Das Hafenlohrtal sei zu einem Symbol erfolgreichen Einsatzes zum Erhalt der Natur geworden, stellte Prof. Dr. Hubert Weiger, Ehrenvorsitzender des Bund Naturschutz (BN) in Bayern und Vorsitzender des Bund für Umwelt und Naturschutz Deutschland (BUND), in seiner Festrede fest. Dieses Symbol gebe damit auch anderen Hoffnung, Positives für die Natur zu bewegen. Weiger brach eine Lanze für die Europäische Union. Erst im Rahmen der europäischen Richtlinie Natura 2000 wurde das Hafenlohrtal als schutzwürdig festgelegt. Dies müsse national weiterentwickelt werden. „Wir brauchen im Hafenlohrtal ein Schutzgebiet von der Quelle bis zur Mündung“, forderte er unter dem Beifall der Anwesenden.

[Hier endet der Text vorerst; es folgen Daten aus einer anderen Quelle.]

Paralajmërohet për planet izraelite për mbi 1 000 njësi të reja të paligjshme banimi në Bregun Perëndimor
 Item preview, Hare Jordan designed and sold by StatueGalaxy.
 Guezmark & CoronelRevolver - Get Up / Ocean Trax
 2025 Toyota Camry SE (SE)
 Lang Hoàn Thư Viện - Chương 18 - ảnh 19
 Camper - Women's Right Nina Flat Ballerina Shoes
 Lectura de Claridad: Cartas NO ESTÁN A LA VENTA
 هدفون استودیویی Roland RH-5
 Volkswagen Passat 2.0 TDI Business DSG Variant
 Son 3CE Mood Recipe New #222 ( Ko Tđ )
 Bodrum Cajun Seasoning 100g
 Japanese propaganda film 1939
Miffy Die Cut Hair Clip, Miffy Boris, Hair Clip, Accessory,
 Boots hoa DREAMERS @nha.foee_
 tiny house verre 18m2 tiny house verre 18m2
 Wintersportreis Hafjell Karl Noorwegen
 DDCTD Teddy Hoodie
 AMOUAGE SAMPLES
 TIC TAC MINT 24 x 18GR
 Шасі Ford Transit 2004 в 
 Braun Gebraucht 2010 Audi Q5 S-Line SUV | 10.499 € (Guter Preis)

Weit habe die Möglichkeit des kommunalen Volksbegehrens geholfen, die der Staatsregierung durch ein bayernweites Volksbegehren abgetrotzt worden sei. Im Ergebnis habe es dabei keinen einzigen Bürgerentscheid auf kommunaler Ebene gegeben, der eine eigene dezentrale Wasserversorgung abgelehnt habe, obwohl häufig sogenannte Fachbehörden anders votiert hatten. Weiger zeigte sich überzeugt: „Wir haben in Bayern die beste Verfassung, die es weltweit gibt.“

Er würdigte auch den Einsatz Schönauers über die AGH hinaus, so als stellvertretender BN-Landesvorsitzender und als Sprecher des Arbeitskreises Wasser des BUND. Als solcher sei er Pionier gegen die Privatisierung unserer Ressourcen Wald und Wasser und leiste Wichtiges für die Demokratie. Weiger bezog auch Schönauers Gattin Veronika in seinen Dank mit ein und überreichte ihr ein Blumenpräsent.

Anschließend nahmen noch weitere Teilnehmer die Gelegenheit wahr, ihrem „Wastl“ zu danken. So berichtete sein AGH-Co-Vorsitzender Erich Perchermeier, langjähriger BN-Vorsitzender aus Main-Spessart, mit einem Augenzwinkern von AGH-Vorstandssitzungen als Ein-Mann-Shows mit Reiseberichten des Vorsitzenden aus Berlin und München.

Christine Scheel, ehemalige Landtags- und Bundestagsabgeordnete aus dem Landkreis Aschaffenburg, berichtete, wie sie als junges Mädchen als Helferin bei den Hafenlohrtalfesten aktiv war und von Schönauer und dem Umfeld der AGH so weit politisiert wurde, dass sie in den Landtag wollte, um dort etwas zu verändern.

Sebastian Schönauer appellierte an die aktuell über 600 Mitglieder, der Aktionsgemeinschaft weiter die Treue zu halten. Von den geringen Mitgliedsbeiträgen würden beispielsweise Infotafeln im Tal sowie die Unterhaltung des Bohlenstegs finanziert. Er rief dazu auf, im Engagement für die Natur nicht nachzulassen: „Es müssen genügend natürliche Lebensgrundlagen für die kommenden Generationen übrig bleiben.“

Bereits am Morgen hatte das Jubiläum mit einem Dankgottesdienst am Hafenlohrtal-Bildstock in Einsiedel begonnen und war dann vor der Jubiläumsfeier in der Lichtenau mit einem gemeinsamen Mittagessen fortgesetzt worden.